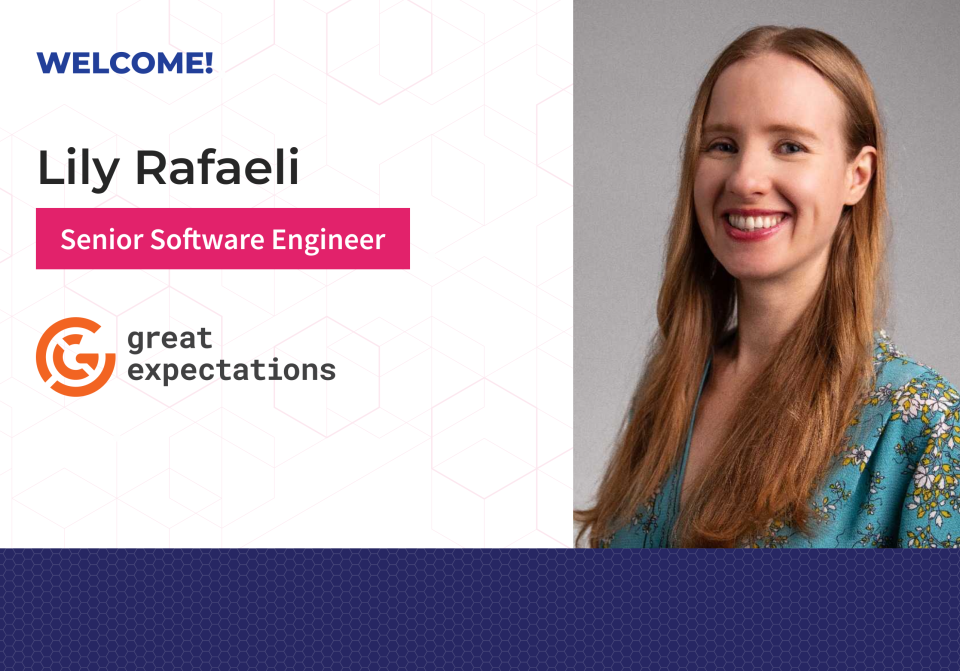 Lily Rafaeli photo, Senior Software Engineer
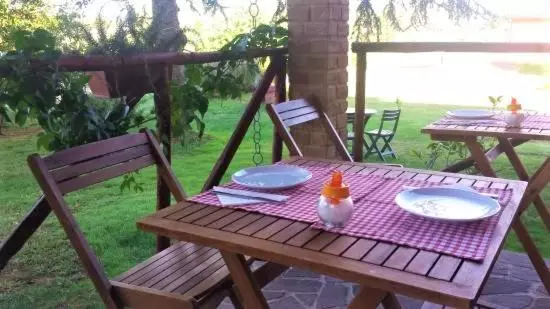 Aamiaismajoitus (B&B) Podere 269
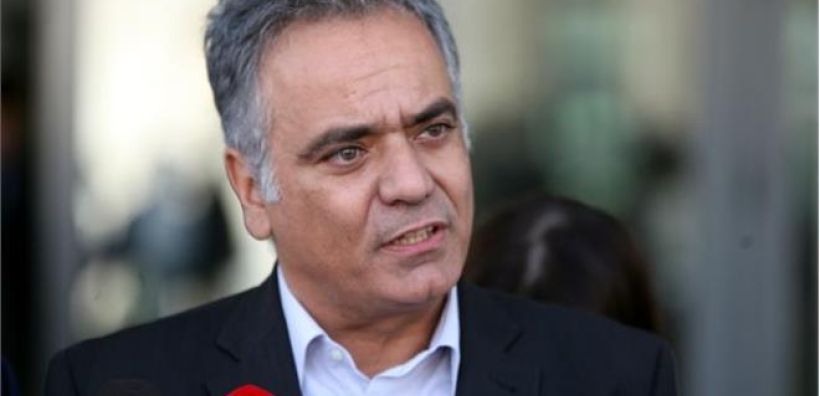 Σκουρλέτης: Καθοριστικός παράγοντας στη διεθνή ενεργειακή σκηνή μετατρέπεται η Ελλάδα μέσω του φυσικού αερίου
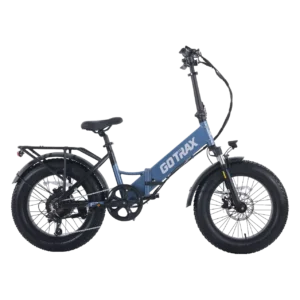Gotrax F3 2.0 Fat Tire Folding Electric Bike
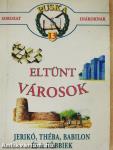 Eltünt városok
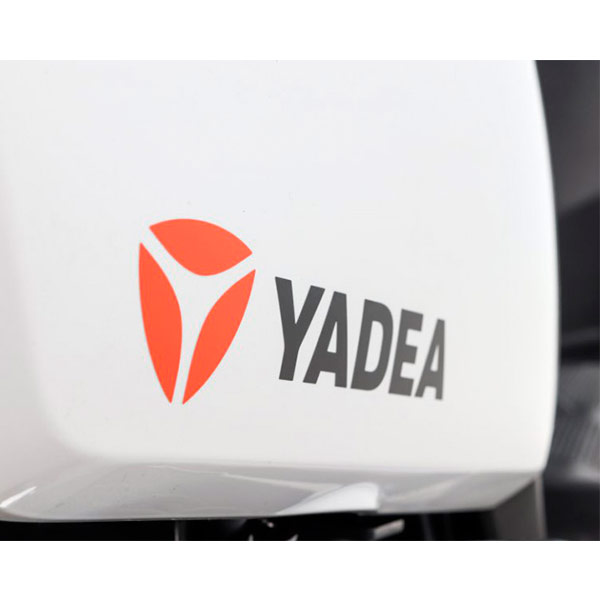 Электроскутер Yadea E3 white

▶ **WORK ITEM**:
The records above are to be reproduced exactly; the pictures are to be left out.

▶ **WORKED SOLUTION**:
 Lily Rafaeli photo, Senior Software Engineer
 Aamiaismajoitus (B&B) Podere 269
 Σκουρλέτης: Καθοριστικός παράγοντας στη διεθνή ενεργειακή σκηνή μετατρέπεται η Ελλάδα μέσω του φυσικού αερίου
Gotrax F3 2.0 Fat Tire Folding Electric Bike
 Eltünt városok
 Электроскутер Yadea E3 white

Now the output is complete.